The Bank of England confirmed via Twitter on Monday that its 5-pound notes contain “a trace of tallow,” an animal fat product commonly used as an industrial lubricant and sometimes found in candles, soaps and other household items.
“There is a trace of tallow in the polymer pellets used in the base substrate of the polymer 5-pound notes,” the bank Tweeted on Monday.
The backlash was immediate: “How sick, unnecessary & prehistoric,” wrote one user.
“Not cool at all,” added another. “I go to a lot of trouble to avoid animal products. Going to start refusing them.”
In the case of the polymer notes, small beads of tallow are likely used to help the currency feed smoothly through machines, to ensure that it doesn’t jam or get stuck, said Alan Sentman, a chemist and lab manager at Polymer Solutions, a testing lab in Christiansburg, Va.
But, he added, tallow isn’t exclusive to animal fat. It can also be derived from vegetable oils, cocoa butter and other non-animal sources.

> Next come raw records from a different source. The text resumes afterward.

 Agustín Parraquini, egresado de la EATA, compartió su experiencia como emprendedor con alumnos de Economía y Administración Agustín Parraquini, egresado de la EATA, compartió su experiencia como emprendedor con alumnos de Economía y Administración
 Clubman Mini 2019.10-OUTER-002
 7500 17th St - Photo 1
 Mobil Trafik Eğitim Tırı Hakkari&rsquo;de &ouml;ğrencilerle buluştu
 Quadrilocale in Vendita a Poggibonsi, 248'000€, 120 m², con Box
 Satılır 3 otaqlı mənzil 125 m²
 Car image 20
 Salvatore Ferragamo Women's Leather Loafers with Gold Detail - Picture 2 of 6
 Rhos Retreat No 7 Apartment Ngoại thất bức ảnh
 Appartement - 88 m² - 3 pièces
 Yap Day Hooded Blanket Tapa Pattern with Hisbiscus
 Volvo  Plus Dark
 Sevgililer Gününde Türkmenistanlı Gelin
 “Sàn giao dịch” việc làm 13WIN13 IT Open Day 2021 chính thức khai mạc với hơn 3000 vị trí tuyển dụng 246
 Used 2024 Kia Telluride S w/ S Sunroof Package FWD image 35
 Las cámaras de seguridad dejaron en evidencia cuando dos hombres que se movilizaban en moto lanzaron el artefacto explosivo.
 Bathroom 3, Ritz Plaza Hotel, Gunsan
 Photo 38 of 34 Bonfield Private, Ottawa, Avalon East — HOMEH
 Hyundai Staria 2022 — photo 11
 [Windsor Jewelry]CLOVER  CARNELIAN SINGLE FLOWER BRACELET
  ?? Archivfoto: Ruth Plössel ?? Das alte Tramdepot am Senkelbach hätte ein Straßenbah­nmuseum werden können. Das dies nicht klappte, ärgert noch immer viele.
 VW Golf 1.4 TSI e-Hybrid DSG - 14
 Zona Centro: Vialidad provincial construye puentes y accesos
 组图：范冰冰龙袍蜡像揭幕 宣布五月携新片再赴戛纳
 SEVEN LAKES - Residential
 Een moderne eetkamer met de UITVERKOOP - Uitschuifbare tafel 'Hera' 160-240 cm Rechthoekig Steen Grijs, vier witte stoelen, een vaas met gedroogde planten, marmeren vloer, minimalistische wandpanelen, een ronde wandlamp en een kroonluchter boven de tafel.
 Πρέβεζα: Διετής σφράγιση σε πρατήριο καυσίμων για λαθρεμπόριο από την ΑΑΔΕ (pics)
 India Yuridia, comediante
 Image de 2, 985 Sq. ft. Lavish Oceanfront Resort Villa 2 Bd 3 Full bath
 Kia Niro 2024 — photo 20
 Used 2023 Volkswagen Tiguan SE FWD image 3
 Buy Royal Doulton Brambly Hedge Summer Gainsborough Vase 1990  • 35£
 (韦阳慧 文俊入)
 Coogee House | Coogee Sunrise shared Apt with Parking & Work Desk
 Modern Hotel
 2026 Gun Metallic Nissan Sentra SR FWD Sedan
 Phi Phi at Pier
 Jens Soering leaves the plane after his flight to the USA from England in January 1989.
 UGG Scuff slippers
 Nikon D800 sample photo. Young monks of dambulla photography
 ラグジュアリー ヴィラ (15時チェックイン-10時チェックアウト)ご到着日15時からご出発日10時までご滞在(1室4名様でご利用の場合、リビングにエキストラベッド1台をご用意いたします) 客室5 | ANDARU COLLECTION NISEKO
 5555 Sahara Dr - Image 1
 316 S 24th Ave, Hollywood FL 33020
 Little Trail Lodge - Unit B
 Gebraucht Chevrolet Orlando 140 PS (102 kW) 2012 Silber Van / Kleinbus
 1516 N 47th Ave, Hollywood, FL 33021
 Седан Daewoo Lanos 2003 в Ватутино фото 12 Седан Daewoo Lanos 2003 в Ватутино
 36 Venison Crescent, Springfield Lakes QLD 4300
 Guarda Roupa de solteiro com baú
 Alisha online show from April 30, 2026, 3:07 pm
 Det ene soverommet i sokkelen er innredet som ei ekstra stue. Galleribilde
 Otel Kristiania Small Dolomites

“They absolutely could move to a pure vegetable alternative — there’s no reason that wouldn’t work,” Sentman said. “It’s just a little bit cheaper to do with animal fat.”
A petition on the site Change.org calling on the bank to cease the use of animal products in its currency had more than 11,600 signatures as of Tuesday morning.
“When you consider that beef tallow is a co-product of a cruel and violent industry that kills millions of cows every year and that is one of the largest producers of greenhouse-gas emissions in the world, the decision to use animal fat in the new British 5-pound note truly doesn’t make sense,” a spokeswoman for People for the Ethical Treatment of Animals said in an email.
The Bank of England, which has already printed 440 million new 5-pound notes, has not announced plans to change the make-up of its bills.